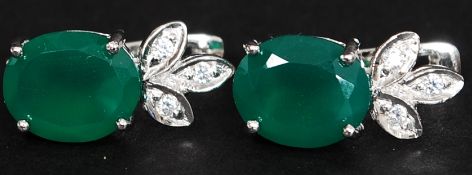 A pair of silver and jade ear stud - earrings. Total weight 6.1g.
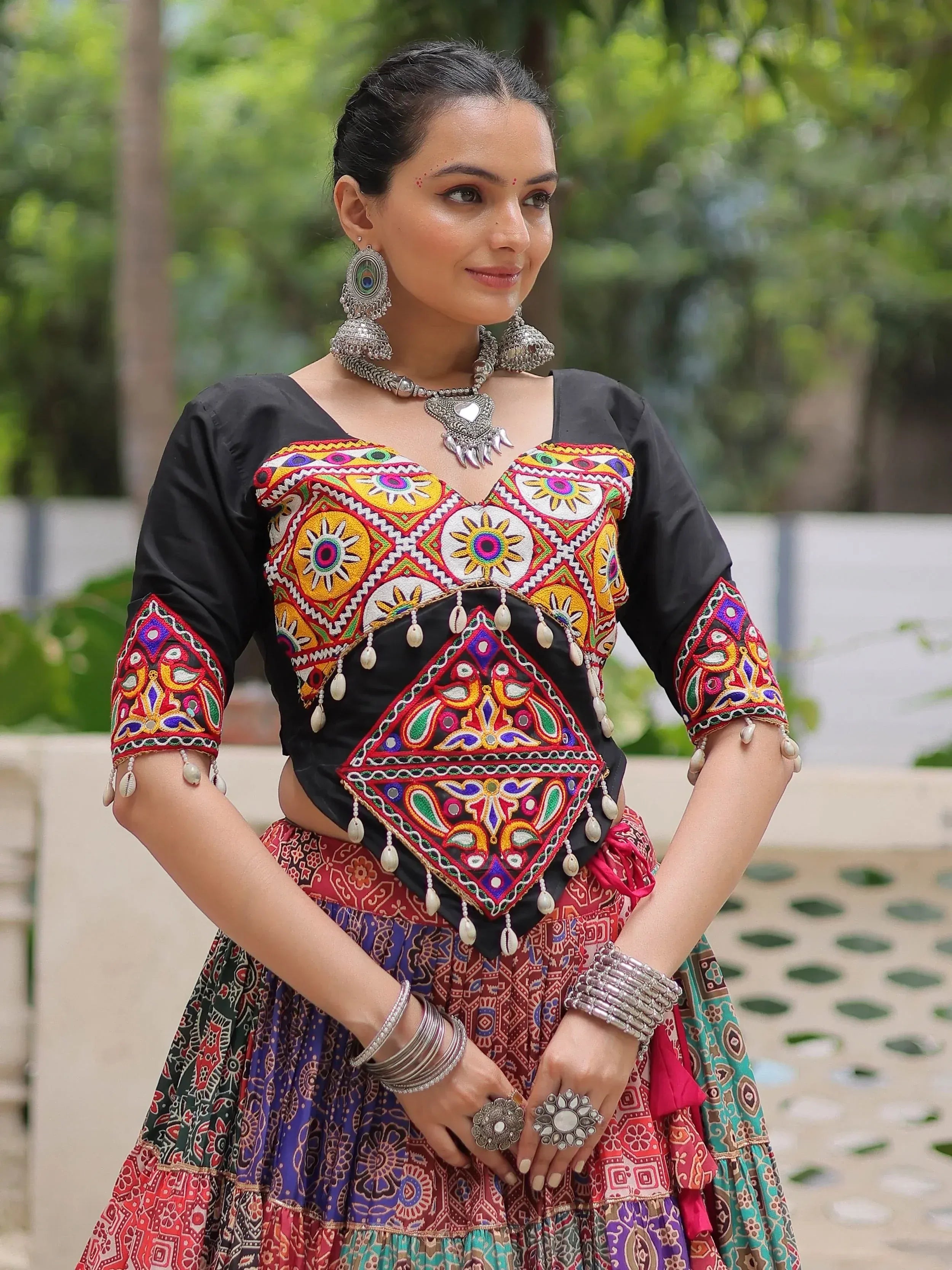 Colorful embroidered ethnic blouse with mirror work and traditional jewelry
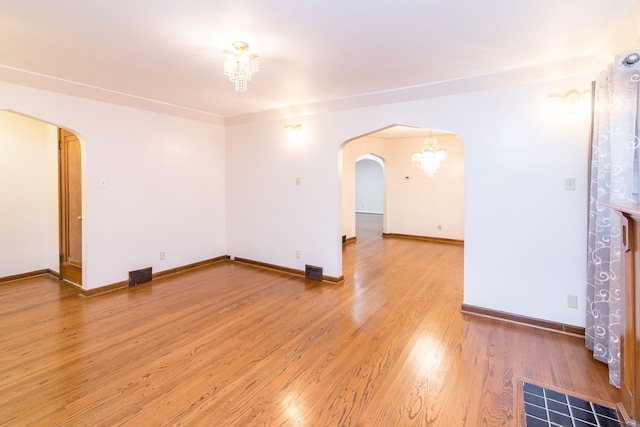 empty room featuring light wood finished floors, an inviting chandelier, visible vents, and arched walkways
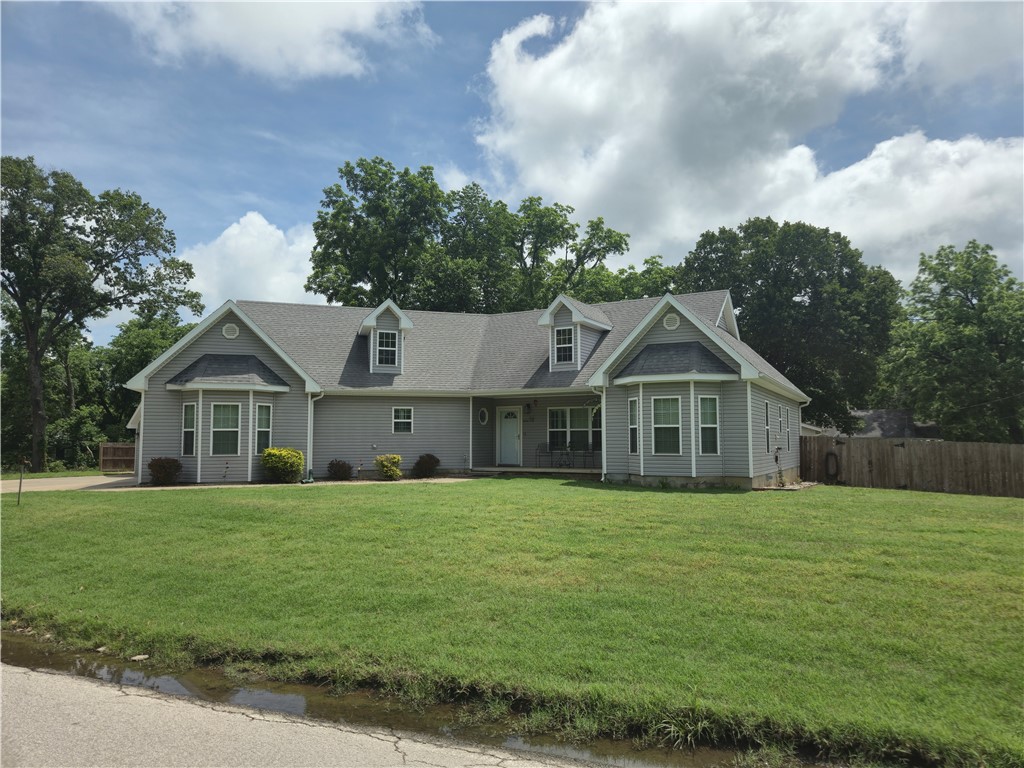 Nice and clean! Custom home east of Rogers with easy work commute. This home is laid out nicely with split floor plan, granite counters, wood flooring, big back deck that is next to the perfect size above ground pool. This 3/2 has open floor plan, great kitchen with huge walk-in pantry, nice dining room with wonderful built-in storage. Updated hall bathroom with barn door. His and hers closets in master suite. Solor tubes to save on electricity and the property has 4 car garage space with addition attic storage above the detached garage. Property offers a circle driveway, privacy fenced back yard, generator ready to kick on during a power outage. HVAC new in 2021. Hot water heater replaced 2020. You can't hardly beat this price for all this home has to offer. This is a must see!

# # #

> **BRIEF**
Output the data exactly, pictures omitted.

> **OUTPUT**
 A pair of silver and jade ear stud - earrings. Total weight 6.1g.
 Colorful embroidered ethnic blouse with mirror work and traditional jewelry
 empty room featuring light wood finished floors, an inviting chandelier, visible vents, and arched walkways
 Nice and clean! Custom home east of Rogers with easy work commute. This home is laid out nicely with split floor plan, granite counters, wood flooring, big back deck that is next to the perfect size above ground pool. This 3/2 has open floor plan, great kitchen with huge walk-in pantry, nice dining room with wonderful built-in storage. Updated hall bathroom with barn door. His and hers closets in master suite. Solor tubes to save on electricity and the property has 4 car garage space with addition attic storage above the detached garage. Property offers a circle driveway, privacy fenced back yard, generator ready to kick on during a power outage. HVAC new in 2021. Hot water heater replaced 2020. You can't hardly beat this price for all this home has to offer. This is a must see!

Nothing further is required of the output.